Various features and aspects of the present invention will now be described in greater detail, particularly through examples relating to INSP037 polypeptides.
It will be understood that modification of detail may be made without departing from the scope of the invention.

(Example 1: Identification of INSP037)
The polypeptide sequence obtained from SEQ ID NO: 2 represents the translation of the exon of INSP037, and the polypeptide sequence was used as a query with the Informatica = Genome Threader tool for the protein structure present in the PDB database. The best match is the structure of a member of the 4-helix bundle cytokine family. The best match showed 84% genome threader confidence in alignment with the query sequence (FIG. 1). Figure 2 shows the INSP037 query sequence and the sequence of bovine interferon gamma, a member of the 4-helix bundle cytokine family (PDB-1d9g) (Randal et al., Acta Crystallogr D Biol Crystallogr 2000 (Jan; 56), (Pt 1 ): Indicates alignment with 14-24). Note that the INSP037 polypeptide sequence is designated “IPAAA445” in FIG. Members of the 4-helix bundle cytokine family protein are therapeutically important.
FIG. 16B shows that INSP037 can be found on chromosome 3 of Homo sapiens. As mentioned above, all type I interferons are clustered on chromosome 9. Therefore, the position of the INSP037 gene on chromosome 3 (3q25.33, chr3: 157121275-157121511 (on hg15 / build 33)) is consistent with the annotation in the present invention that it is an INFγ-like interferon, so II Annotated as type interferon.

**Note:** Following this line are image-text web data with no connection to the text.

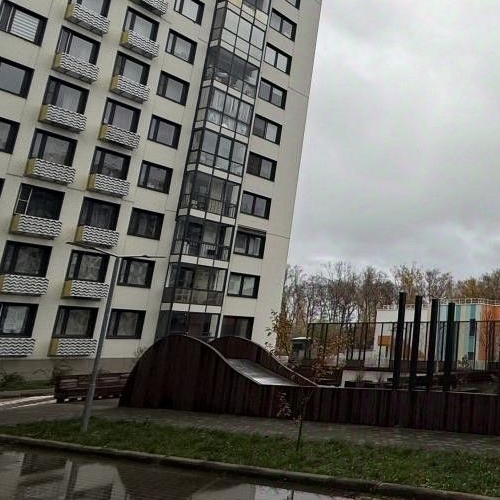 Студия улица Василия Ощепкова, 6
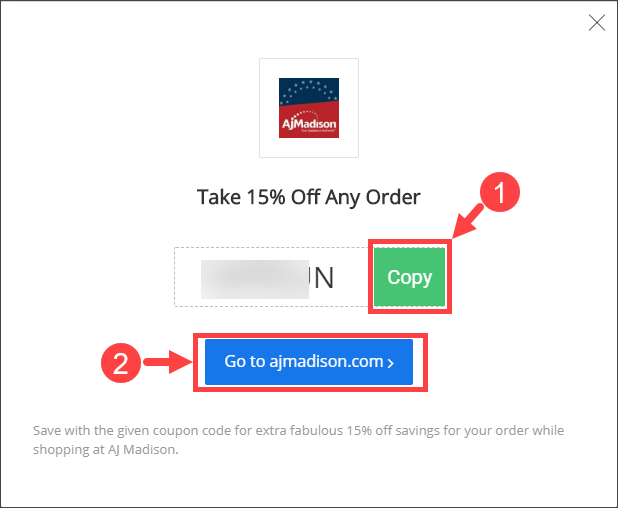 [VERIFIED] AJ Madison Promo Codes 100 Work Super Easy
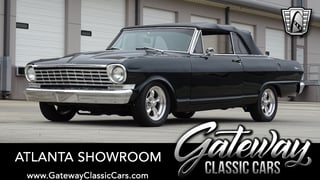 1963 Chevrolet Nova 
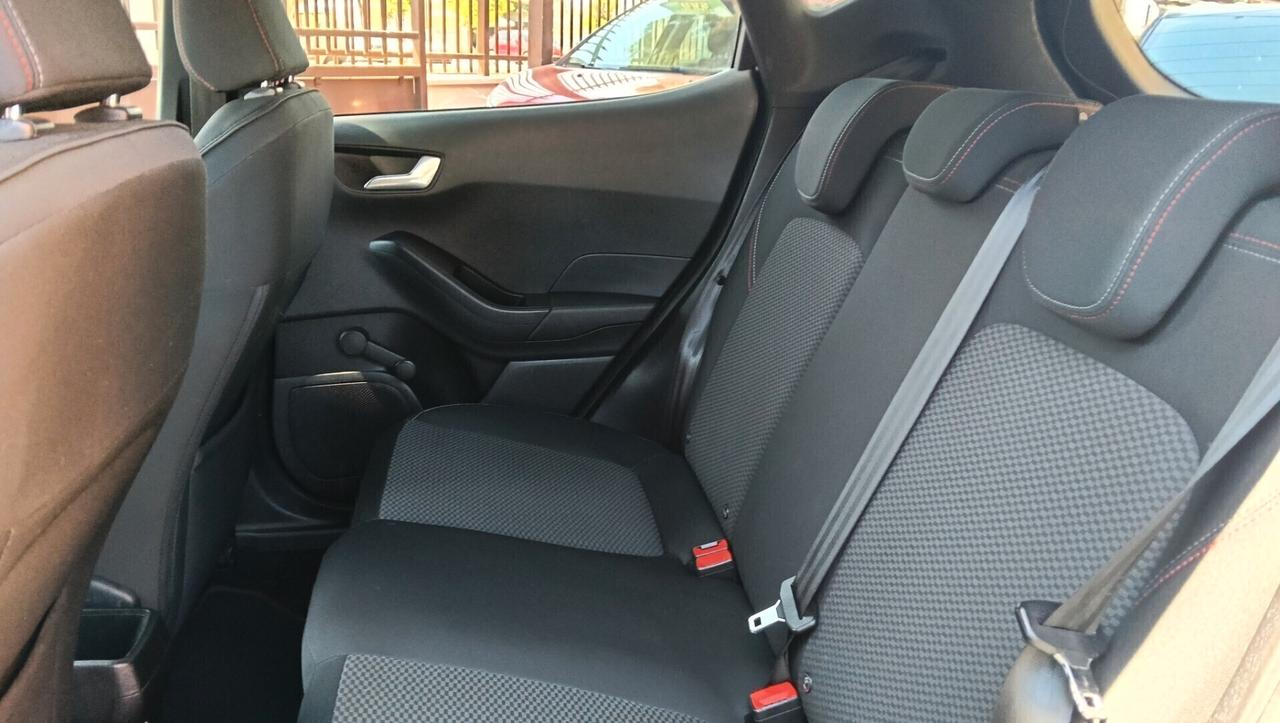 FORD FIESTA 1.5 TDCI-ST-LINE-PREZZO PROMO!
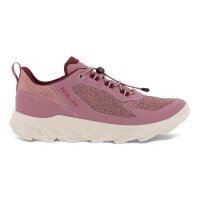 Ecco MX W LOW  Damenschnürer Rose Größe 42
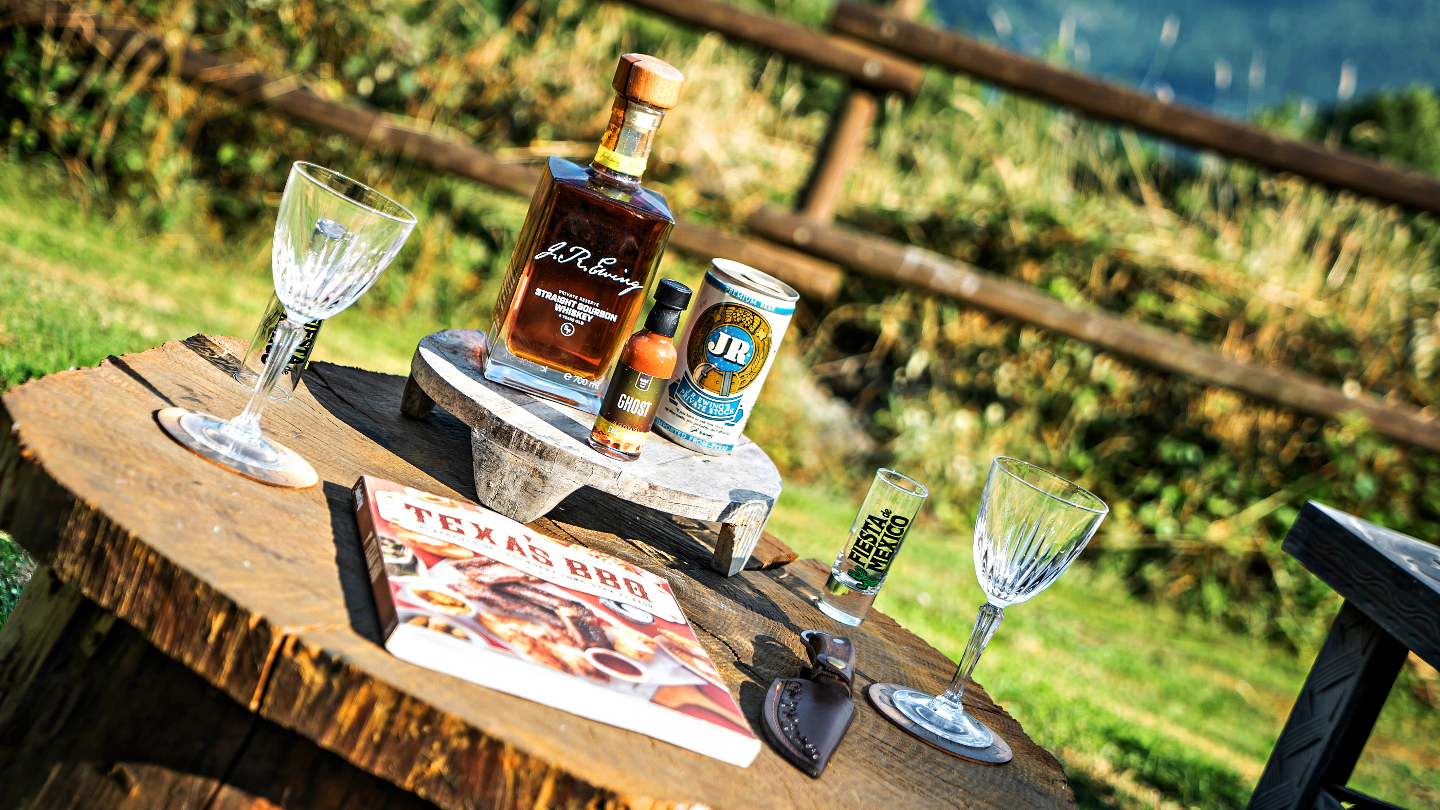 Bulle Texas - Luxury Glamping - Vue lac & montagnes – photo 30 sur 64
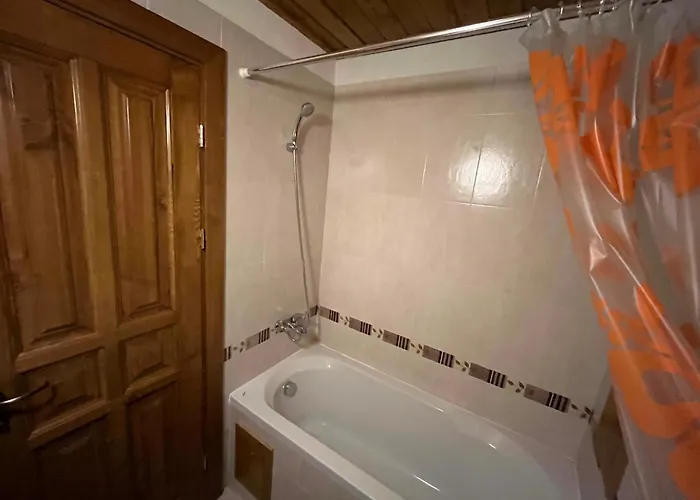 Lägenhet Pirin Golf Deluxe Private Gabby Ground Floor *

(Example 2: Cloning of INSP037 (IPAAA44548) from cDNA library)
{CDNA library}
Human cDNA libraries (contained in bacteriophage lambda (λ) vectors) were purchased from Stratagene or Clontech or prepared in λZAP or λGT10 vectors at the Serono Pharmaceutical Research Institute according to the manufacturer's protocol (Stratagene). . Bacteriophage λ DNA was prepared from small scale cultures of infected E. coli host strains using the Wizard Lambda Preps DNA purification system according to the manufacturer's instructions (Promega, Corporation, Madison WI.). A list of libraries and host strains used is shown in Table I.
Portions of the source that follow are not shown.